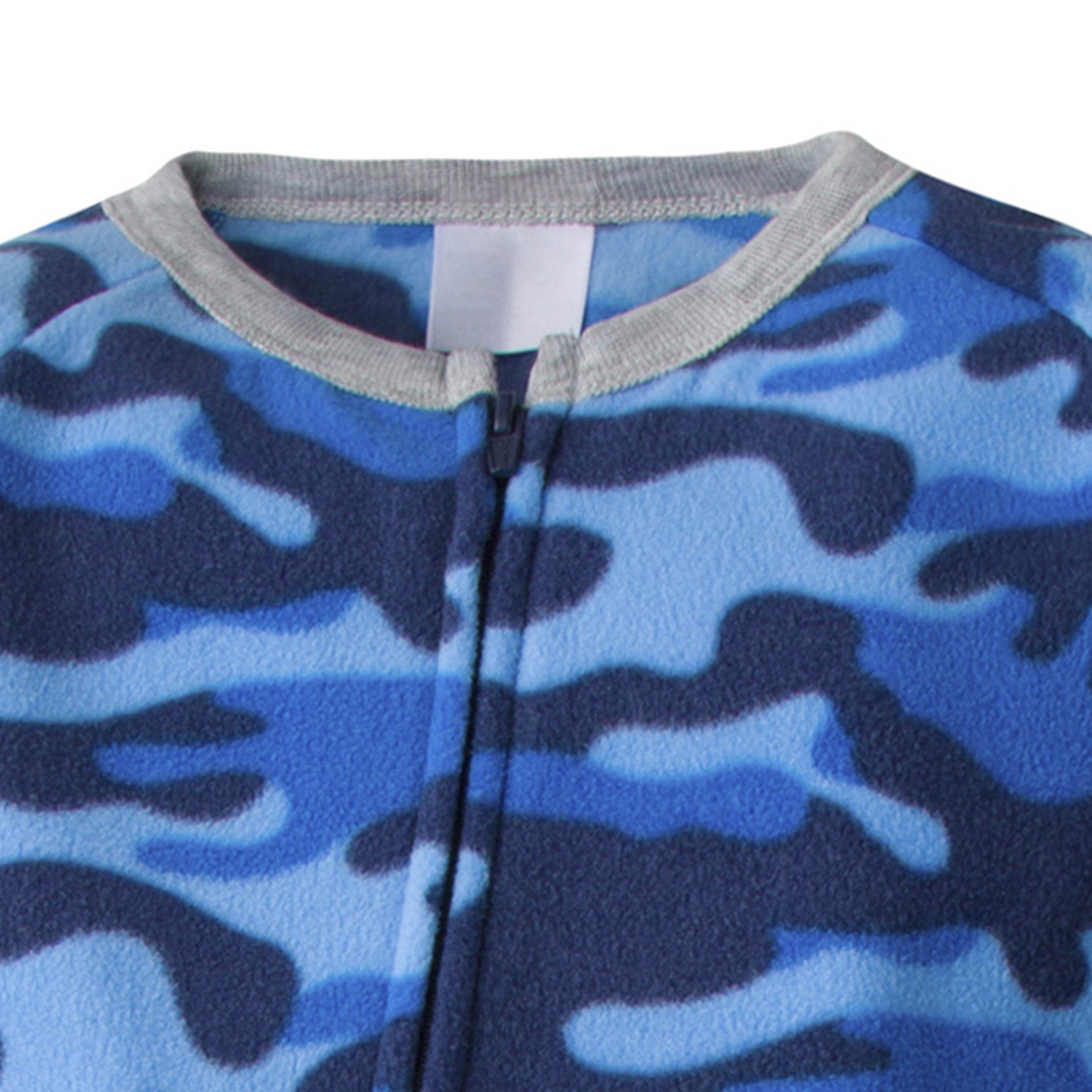 2 Pack Boys' Fleece Pajama Set - Camo Print Winter Sleepwear for Toddlers, Soft & Warm Kids Pajamas for Bedtime & Lounging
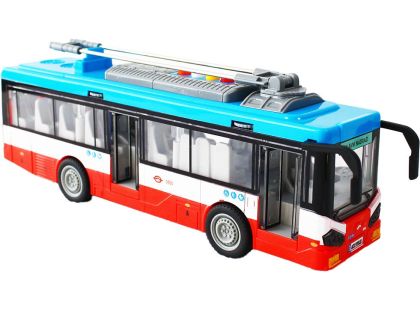 Sparkys Městský trolejbus na setrvačník s osvětlením a zvukem - červený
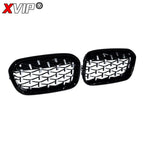 XVIP Front Bumper Kidney Grille Racing Grills For BMW 1 Series F20 F21 2015-2019 Replacement Double Slat Gloss Black Grilles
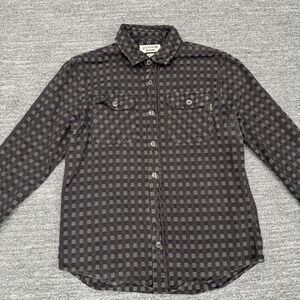 Devium USA Flannel Shirt Men Medium Black Boca Long Sleeve USA *MISSING BUTTON*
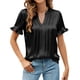 thumbnail image 1 of TaTaai Women's Satin V Neck Short Sleeve Shirt, Business Casual Silky Drape, Lightweight for Office Daily Party Formal Occasions Gift, 1 of 7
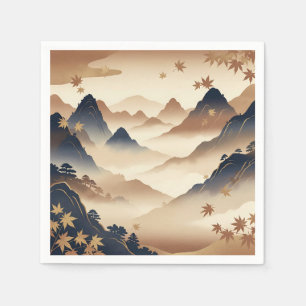 Serviette En Papier Paysage serein de montagne japonaise en automne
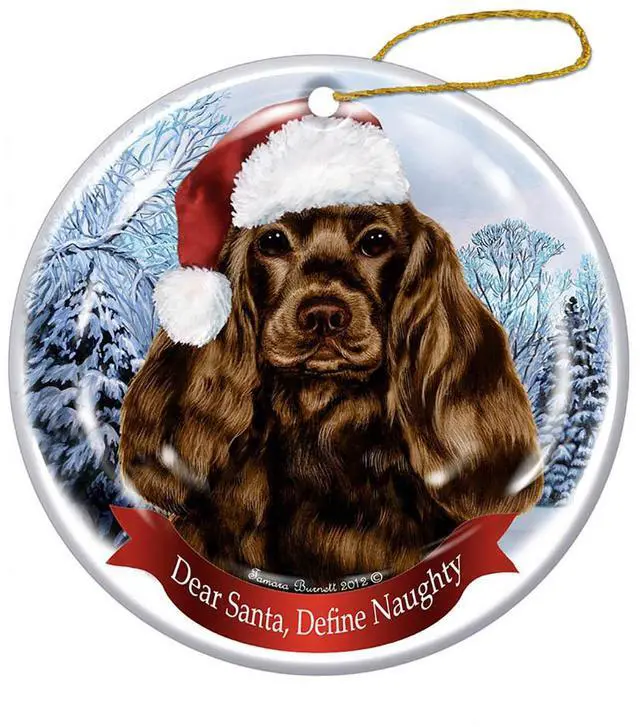 Main image of Holiday Pet Gifts Cocker Spaniel Chocolate Dog Santa Hat Porcelain Ornament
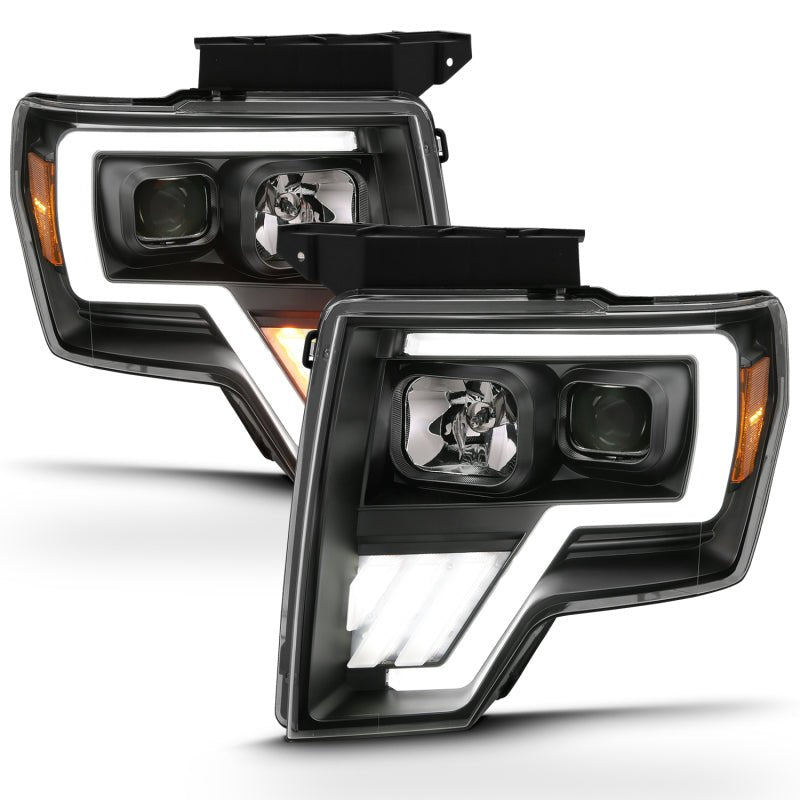 ANZO 2009 - 2013 Ford F - 150 Projector Light Bar G4 Switchback Headlights Black Amber - CPC Performance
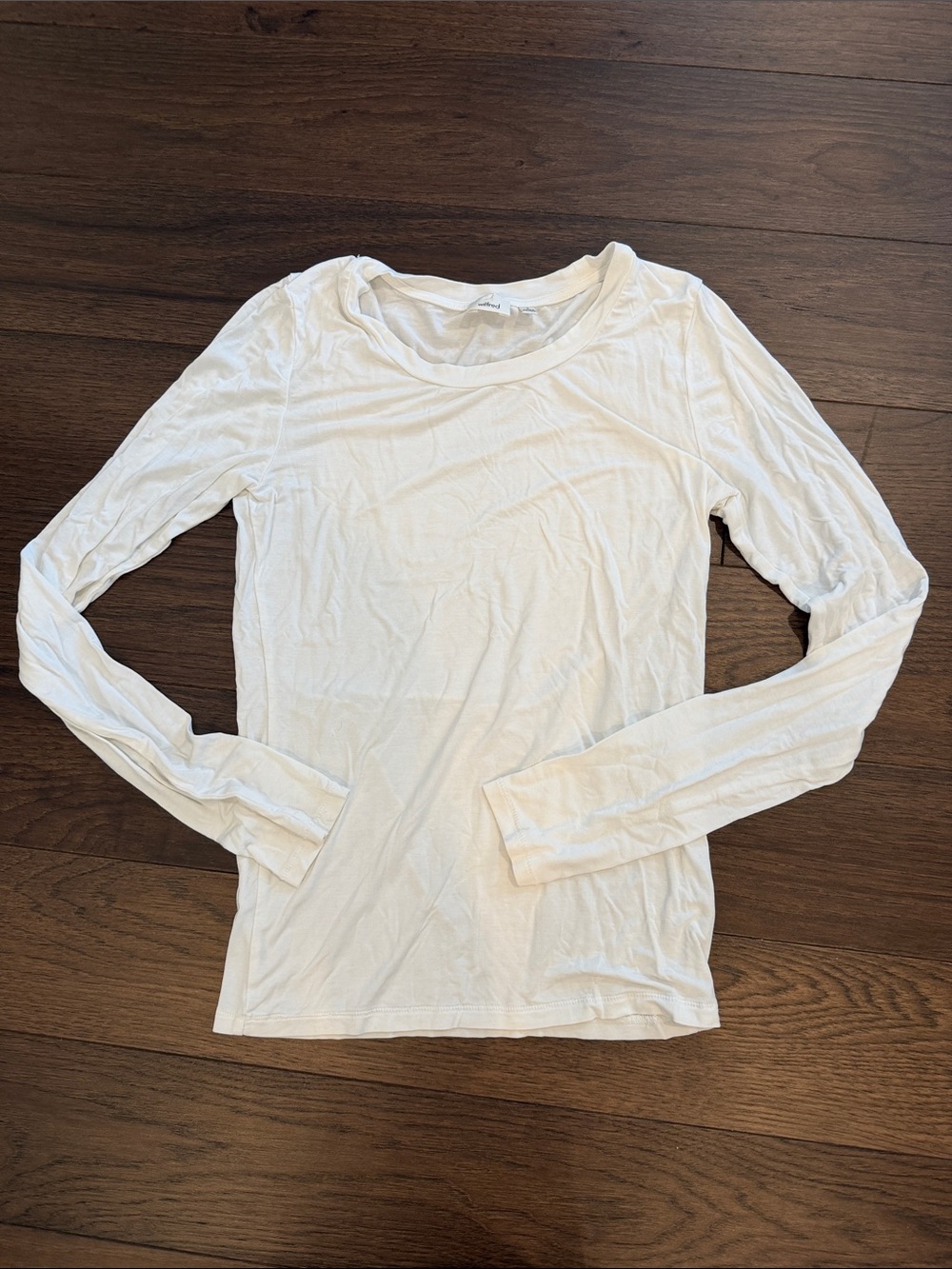 Wilfred White Long-Sleeve Crewneck Tee Size Small - C11-283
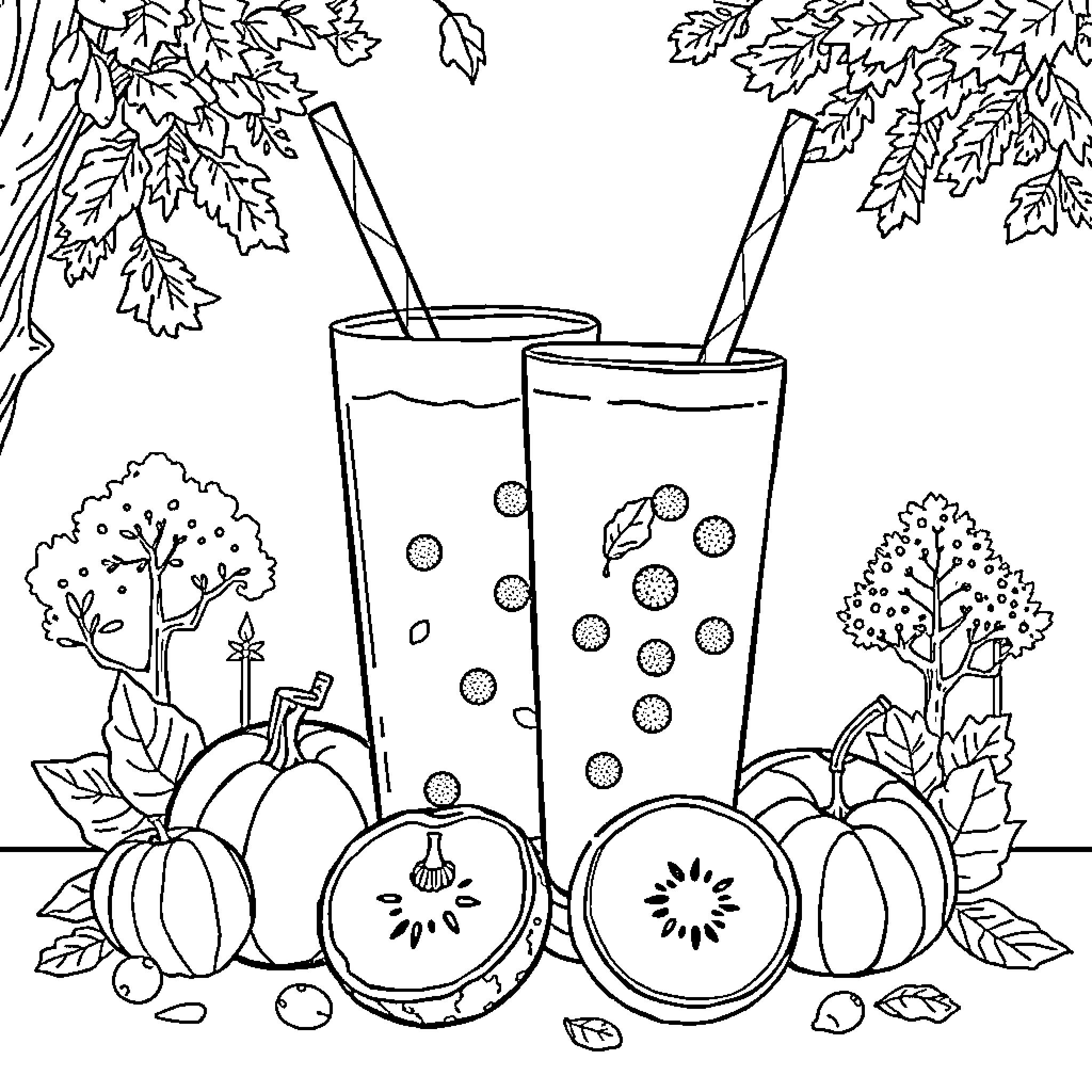 Tree Leaves and Autumn Treats Coloring Page (free black-and-white line drawing printable PDF for all, from beginners to advanced learners, including children, teens, adults, and seniors)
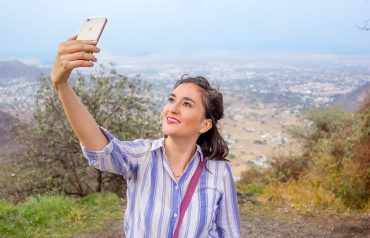 Woman Takes A Selfie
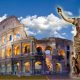 Feste romane di Agosto - Augusto E Colosseo sullo sfondo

○ ○ ○ ○ ○ ○ ○

Directions for this task> Leaving pictures aside, give again word for word each line from the one with "Main image of" to the final line of the entries.

Solution>
 Main image of Holiday Pet Gifts Cocker Spaniel Chocolate Dog Santa Hat Porcelain Ornament
 ANZO 2009 - 2013 Ford F - 150 Projector Light Bar G4 Switchback Headlights Black Amber - CPC Performance
 Wilfred White Long-Sleeve Crewneck Tee Size Small - C11-283
 Tree Leaves and Autumn Treats Coloring Page (free black-and-white line drawing printable PDF for all, from beginners to advanced learners, including children, teens, adults, and seniors)
 Woman Takes A Selfie
 Feste romane di Agosto - Augusto E Colosseo sullo sfondo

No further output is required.